*WHAT TO DO*: The answer is to be the lines below that lie between the line holding "Mercedes-Benz E-Класс 2019 thumb 8" and the line holding "Building Photo - 1401 W 9th St", inclusive, transcribed exactly and free of pictures.

*AVAILABLE DATA*:
◇ ◇ ◇ ◇ ◇

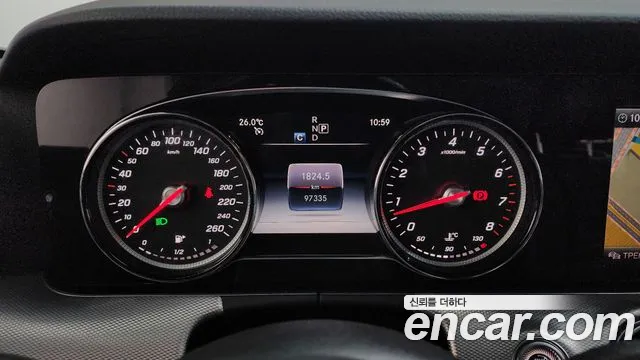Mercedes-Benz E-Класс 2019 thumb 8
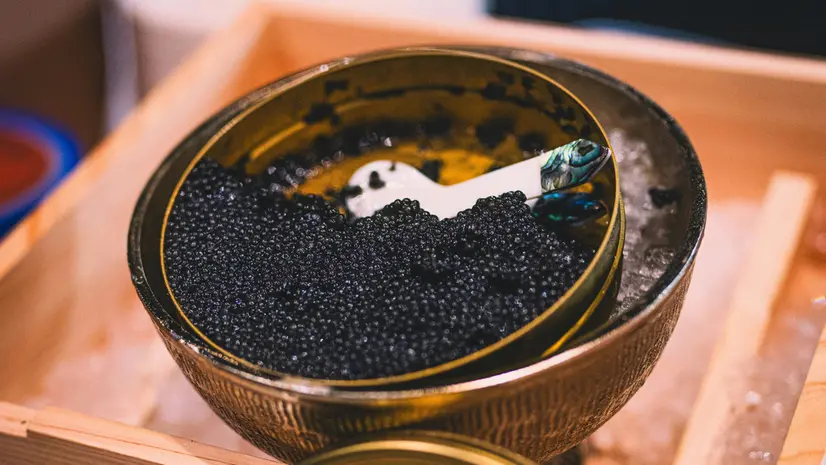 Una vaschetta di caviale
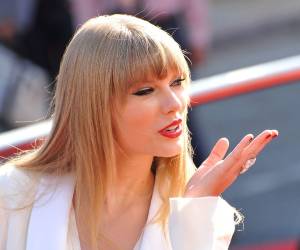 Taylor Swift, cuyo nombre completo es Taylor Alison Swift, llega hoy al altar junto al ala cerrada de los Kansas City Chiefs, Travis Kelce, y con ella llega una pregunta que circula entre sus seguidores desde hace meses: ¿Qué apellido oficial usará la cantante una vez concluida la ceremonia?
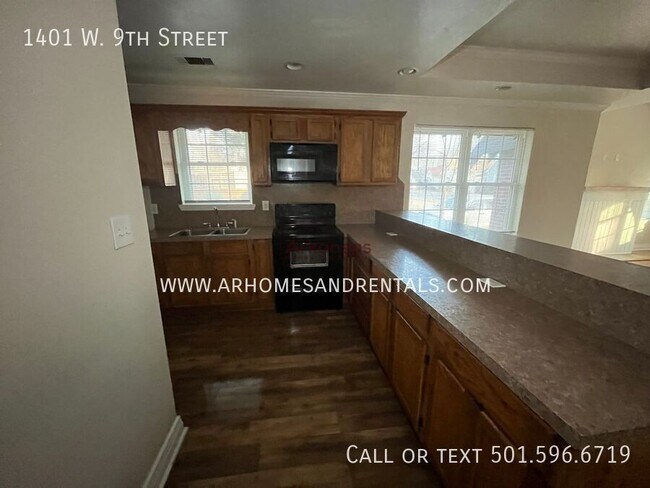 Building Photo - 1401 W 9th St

◇ ◇ ◇ ◇ ◇

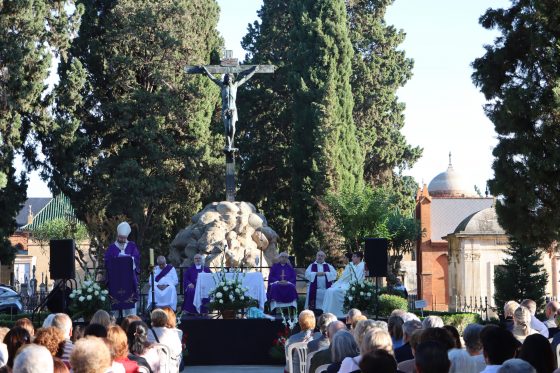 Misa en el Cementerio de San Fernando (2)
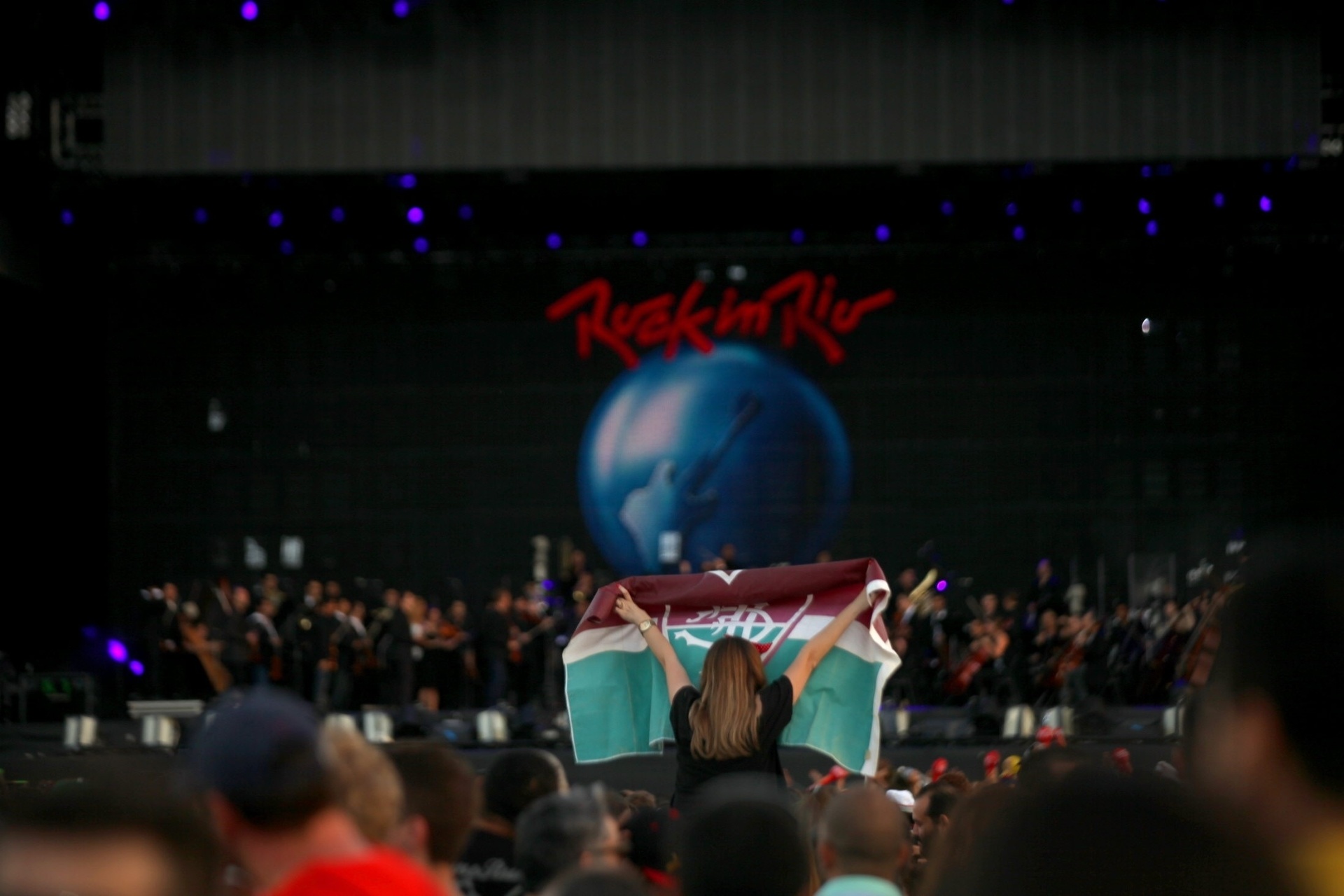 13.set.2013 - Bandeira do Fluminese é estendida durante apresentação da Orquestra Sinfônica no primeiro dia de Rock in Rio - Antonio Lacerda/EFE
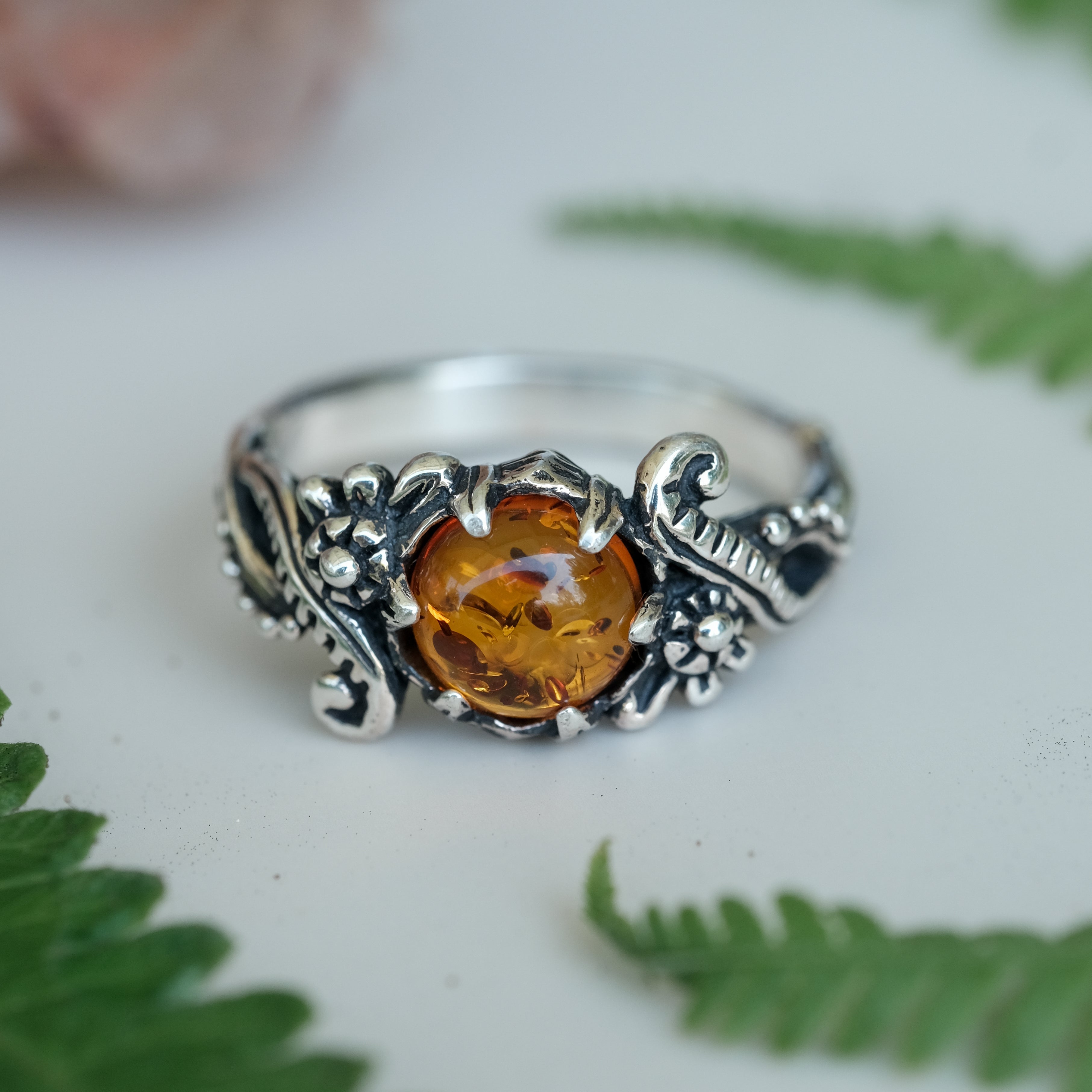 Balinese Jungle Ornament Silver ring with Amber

◇ ◇ ◇ ◇ ◇

*EXERCISE OUTPUT*:
Mercedes-Benz E-Класс 2019 thumb 8
 Una vaschetta di caviale
 Taylor Swift, cuyo nombre completo es Taylor Alison Swift, llega hoy al altar junto al ala cerrada de los Kansas City Chiefs, Travis Kelce, y con ella llega una pregunta que circula entre sus seguidores desde hace meses: ¿Qué apellido oficial usará la cantante una vez concluida la ceremonia?
 Building Photo - 1401 W 9th St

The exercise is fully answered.